--- DATA RECORDS ---

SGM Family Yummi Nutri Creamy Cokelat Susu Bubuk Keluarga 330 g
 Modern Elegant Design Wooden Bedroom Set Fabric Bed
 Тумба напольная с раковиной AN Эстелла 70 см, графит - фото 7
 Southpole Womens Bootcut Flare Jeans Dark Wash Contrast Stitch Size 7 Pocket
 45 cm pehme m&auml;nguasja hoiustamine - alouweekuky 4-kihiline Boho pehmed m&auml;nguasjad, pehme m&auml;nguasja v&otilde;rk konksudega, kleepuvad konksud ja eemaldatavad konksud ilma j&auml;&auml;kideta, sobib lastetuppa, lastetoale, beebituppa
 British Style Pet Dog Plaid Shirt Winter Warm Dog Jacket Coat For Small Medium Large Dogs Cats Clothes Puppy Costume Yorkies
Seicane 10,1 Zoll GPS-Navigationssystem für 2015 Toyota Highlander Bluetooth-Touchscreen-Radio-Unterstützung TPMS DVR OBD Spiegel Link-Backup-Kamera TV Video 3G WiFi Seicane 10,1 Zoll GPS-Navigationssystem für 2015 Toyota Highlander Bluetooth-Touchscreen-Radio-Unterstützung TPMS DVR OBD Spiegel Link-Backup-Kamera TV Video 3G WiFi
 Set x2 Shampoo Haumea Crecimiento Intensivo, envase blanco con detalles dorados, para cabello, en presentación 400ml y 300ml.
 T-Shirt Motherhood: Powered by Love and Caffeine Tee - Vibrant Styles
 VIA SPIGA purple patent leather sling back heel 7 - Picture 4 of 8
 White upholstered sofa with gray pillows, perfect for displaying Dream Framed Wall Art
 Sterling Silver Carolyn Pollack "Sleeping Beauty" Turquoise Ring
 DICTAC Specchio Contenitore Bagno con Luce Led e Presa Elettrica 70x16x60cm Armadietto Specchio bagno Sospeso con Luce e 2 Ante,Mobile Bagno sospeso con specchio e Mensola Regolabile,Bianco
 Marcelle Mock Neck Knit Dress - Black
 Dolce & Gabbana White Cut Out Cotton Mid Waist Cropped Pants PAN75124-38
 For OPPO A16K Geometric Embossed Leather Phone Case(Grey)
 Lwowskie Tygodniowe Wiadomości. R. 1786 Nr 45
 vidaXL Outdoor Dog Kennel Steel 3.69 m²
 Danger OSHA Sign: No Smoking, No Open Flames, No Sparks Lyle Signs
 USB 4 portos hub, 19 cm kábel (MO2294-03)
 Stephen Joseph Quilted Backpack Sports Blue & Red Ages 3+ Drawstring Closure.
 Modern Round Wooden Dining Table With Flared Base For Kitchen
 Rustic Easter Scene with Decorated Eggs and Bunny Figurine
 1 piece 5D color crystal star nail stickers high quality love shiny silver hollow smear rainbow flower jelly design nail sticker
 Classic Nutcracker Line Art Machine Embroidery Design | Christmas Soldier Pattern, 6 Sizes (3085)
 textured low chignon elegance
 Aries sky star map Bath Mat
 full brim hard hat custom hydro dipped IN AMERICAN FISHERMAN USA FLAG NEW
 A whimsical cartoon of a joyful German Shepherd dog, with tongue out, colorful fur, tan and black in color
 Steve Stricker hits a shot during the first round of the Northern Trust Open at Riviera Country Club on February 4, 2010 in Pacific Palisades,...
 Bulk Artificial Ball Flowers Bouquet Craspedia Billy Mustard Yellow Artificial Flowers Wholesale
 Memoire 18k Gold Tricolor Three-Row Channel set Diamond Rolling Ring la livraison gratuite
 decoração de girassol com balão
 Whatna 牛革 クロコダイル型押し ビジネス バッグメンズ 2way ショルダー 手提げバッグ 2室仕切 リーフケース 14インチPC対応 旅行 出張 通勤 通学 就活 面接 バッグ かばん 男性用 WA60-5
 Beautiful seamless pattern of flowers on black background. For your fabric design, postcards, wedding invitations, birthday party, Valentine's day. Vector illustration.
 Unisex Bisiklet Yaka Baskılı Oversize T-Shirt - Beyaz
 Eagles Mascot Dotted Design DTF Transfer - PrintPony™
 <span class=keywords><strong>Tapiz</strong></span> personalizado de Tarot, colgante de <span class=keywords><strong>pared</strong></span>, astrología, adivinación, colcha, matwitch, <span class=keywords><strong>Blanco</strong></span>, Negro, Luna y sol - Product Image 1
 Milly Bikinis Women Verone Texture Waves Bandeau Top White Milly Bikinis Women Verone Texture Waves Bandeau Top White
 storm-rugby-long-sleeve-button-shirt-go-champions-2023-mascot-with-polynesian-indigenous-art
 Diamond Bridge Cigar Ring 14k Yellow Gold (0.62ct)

---

## EXERCISE GOAL
Set down exactly the lines of the data above, beginning with the line that has "VIA SPIGA purple" and ending with the line that has "Sterling Silver Carolyn", and no others.

## EXPECTED ANSWER
 VIA SPIGA purple patent leather sling back heel 7 - Picture 4 of 8
 White upholstered sofa with gray pillows, perfect for displaying Dream Framed Wall Art
 Sterling Silver Carolyn Pollack "Sleeping Beauty" Turquoise Ring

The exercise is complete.